加工されていない材をそのまま搬入して、現場で何日もかけて加工。組み上げていくことも大工の腕の見せ所!でとてもよいとは思うのですが、その間、雨に何度も降られて、材を何度も濡らしてしまったり、現場での作業工期が伸びてしまうのは、あまり気分のいいものではありません。

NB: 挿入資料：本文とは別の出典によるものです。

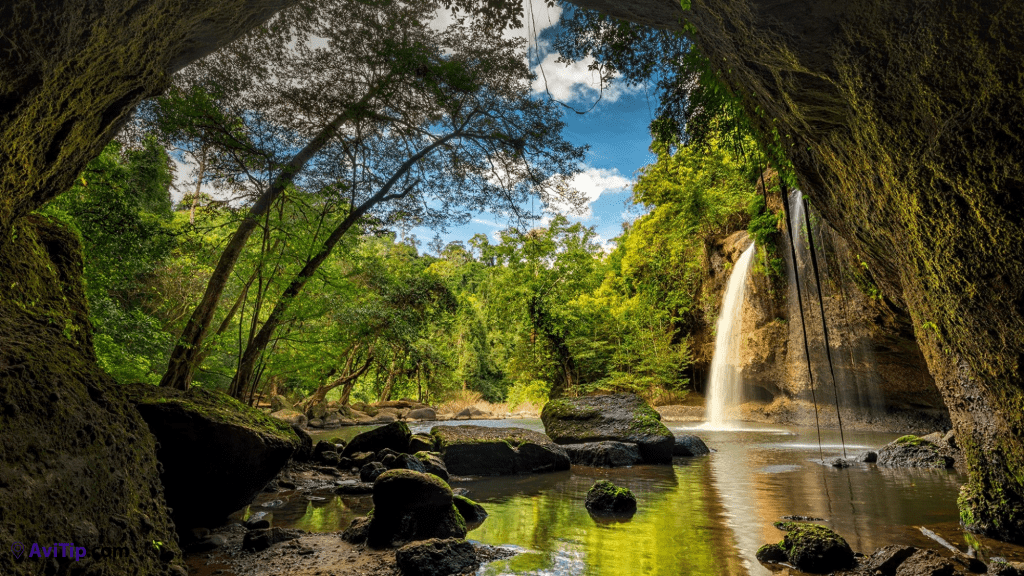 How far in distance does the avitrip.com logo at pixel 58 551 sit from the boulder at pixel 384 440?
7978mm

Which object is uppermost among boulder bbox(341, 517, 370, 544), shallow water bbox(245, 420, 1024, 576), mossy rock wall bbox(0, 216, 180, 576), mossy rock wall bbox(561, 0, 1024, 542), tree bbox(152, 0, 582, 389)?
tree bbox(152, 0, 582, 389)

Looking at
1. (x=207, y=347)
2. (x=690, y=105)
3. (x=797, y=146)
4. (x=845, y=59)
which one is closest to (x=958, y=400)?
(x=797, y=146)

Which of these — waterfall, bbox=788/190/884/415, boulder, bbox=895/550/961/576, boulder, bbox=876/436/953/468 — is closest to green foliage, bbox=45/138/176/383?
boulder, bbox=895/550/961/576

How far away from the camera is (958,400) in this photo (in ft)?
15.0

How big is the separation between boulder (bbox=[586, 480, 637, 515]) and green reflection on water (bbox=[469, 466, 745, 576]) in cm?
12

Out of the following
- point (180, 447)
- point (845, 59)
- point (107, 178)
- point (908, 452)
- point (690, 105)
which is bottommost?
point (908, 452)

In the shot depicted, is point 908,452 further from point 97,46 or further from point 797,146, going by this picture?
point 97,46

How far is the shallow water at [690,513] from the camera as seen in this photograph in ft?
12.9

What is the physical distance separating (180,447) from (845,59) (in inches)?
253

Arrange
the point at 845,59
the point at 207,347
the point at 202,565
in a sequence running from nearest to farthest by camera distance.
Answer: the point at 845,59 → the point at 202,565 → the point at 207,347

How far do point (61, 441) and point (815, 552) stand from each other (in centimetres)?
494

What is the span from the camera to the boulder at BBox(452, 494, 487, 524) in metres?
5.35

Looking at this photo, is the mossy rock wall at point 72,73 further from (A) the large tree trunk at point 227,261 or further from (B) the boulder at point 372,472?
(B) the boulder at point 372,472

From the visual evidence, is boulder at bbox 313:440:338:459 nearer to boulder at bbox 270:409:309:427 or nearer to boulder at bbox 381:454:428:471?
boulder at bbox 381:454:428:471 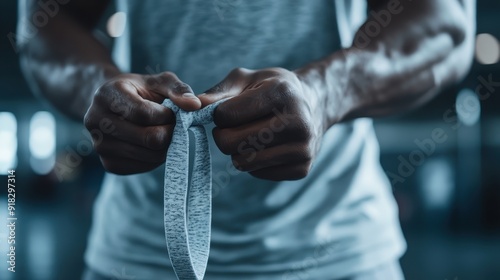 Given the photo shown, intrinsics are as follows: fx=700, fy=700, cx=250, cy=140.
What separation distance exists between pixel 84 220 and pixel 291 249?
5334 millimetres

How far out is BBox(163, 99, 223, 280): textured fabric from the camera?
46 cm

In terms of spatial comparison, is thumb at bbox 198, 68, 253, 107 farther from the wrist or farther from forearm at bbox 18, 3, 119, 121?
forearm at bbox 18, 3, 119, 121

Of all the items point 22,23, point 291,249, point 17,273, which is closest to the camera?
point 291,249

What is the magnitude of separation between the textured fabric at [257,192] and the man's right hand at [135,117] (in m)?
0.17

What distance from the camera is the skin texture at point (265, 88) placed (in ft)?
1.45

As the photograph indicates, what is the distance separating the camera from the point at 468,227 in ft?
19.2

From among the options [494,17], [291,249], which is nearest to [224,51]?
[291,249]

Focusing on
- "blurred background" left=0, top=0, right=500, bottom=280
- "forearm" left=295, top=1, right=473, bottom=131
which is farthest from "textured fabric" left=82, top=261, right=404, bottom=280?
"blurred background" left=0, top=0, right=500, bottom=280

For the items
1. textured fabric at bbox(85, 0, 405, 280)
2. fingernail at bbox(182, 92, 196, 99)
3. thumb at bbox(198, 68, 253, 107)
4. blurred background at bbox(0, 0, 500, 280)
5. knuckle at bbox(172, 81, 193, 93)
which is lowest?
blurred background at bbox(0, 0, 500, 280)

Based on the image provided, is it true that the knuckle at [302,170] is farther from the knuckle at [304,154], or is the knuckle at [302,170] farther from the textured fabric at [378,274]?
the textured fabric at [378,274]

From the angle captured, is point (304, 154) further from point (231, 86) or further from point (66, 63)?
point (66, 63)

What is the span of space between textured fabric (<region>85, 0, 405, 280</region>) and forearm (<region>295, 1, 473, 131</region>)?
0.07 meters

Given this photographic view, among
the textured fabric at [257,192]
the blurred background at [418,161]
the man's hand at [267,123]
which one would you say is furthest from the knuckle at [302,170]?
the blurred background at [418,161]

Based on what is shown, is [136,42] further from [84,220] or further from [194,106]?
[84,220]
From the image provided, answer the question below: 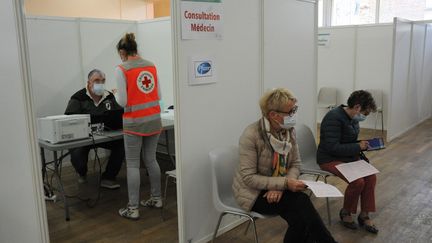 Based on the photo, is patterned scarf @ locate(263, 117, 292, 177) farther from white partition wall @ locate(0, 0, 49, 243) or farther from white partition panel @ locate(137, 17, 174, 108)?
white partition panel @ locate(137, 17, 174, 108)

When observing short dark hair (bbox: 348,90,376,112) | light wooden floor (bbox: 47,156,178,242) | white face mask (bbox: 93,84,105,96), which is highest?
white face mask (bbox: 93,84,105,96)

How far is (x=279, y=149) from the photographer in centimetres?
234

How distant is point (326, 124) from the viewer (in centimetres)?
300

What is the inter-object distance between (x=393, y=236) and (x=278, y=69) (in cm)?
155

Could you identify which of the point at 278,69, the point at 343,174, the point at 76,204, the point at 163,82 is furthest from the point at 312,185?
the point at 163,82

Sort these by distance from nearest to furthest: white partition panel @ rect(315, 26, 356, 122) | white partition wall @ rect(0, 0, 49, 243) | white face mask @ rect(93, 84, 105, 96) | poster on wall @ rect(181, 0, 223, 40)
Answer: white partition wall @ rect(0, 0, 49, 243), poster on wall @ rect(181, 0, 223, 40), white face mask @ rect(93, 84, 105, 96), white partition panel @ rect(315, 26, 356, 122)

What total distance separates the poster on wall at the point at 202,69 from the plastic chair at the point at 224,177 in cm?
46

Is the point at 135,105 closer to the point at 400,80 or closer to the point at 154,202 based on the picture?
the point at 154,202

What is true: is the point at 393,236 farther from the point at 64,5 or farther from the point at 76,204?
the point at 64,5

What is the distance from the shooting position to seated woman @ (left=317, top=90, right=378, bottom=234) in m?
2.94

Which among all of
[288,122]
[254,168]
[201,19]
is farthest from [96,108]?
[288,122]

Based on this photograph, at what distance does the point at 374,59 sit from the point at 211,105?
5.03m

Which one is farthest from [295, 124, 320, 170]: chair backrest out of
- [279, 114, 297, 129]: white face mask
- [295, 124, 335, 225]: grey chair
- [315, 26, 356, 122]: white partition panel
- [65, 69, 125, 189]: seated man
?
[315, 26, 356, 122]: white partition panel

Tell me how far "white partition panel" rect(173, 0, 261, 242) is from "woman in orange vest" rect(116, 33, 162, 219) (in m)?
0.69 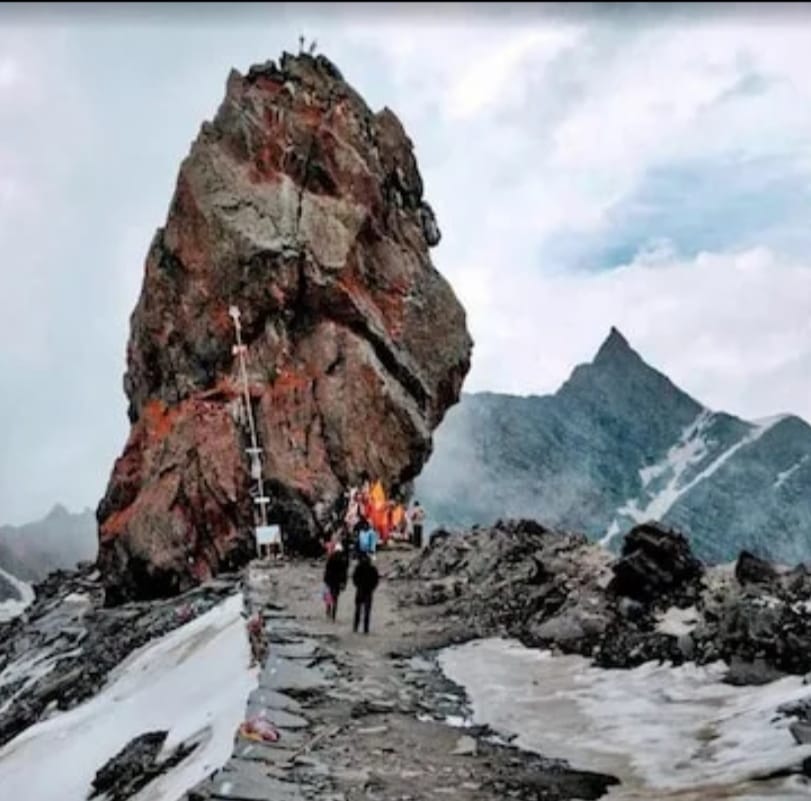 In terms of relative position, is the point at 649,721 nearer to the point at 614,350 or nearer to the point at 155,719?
the point at 155,719

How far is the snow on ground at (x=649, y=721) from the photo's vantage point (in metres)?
11.2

また、一昔前は、加工した端材は、会社の焼却炉で燃やすか、冬場の現場で燃やして暖をとる・・・。というように、活用することができましたが、現在はそんなことはできません。
現場加工をやってしまうと、大量の端材が発生して、その処分費用もかかります。
工場で出た端材は、それなりに使い道がありますが、現場ででたものは、ただの「ゴミ」になります。

「現場での巧の技」の披露もとてもいいことだと思いますし、技術の保存という意味では素晴らしいことだとは思うのですが、できるかぎりの工期の短縮、ご近所の方と、なるべくいい関係を保って、施主さんにお引越しいただくことを優先したいと思っていますので、工場加工できるものは、なるべくしたうえで現場に搬入するようにしています。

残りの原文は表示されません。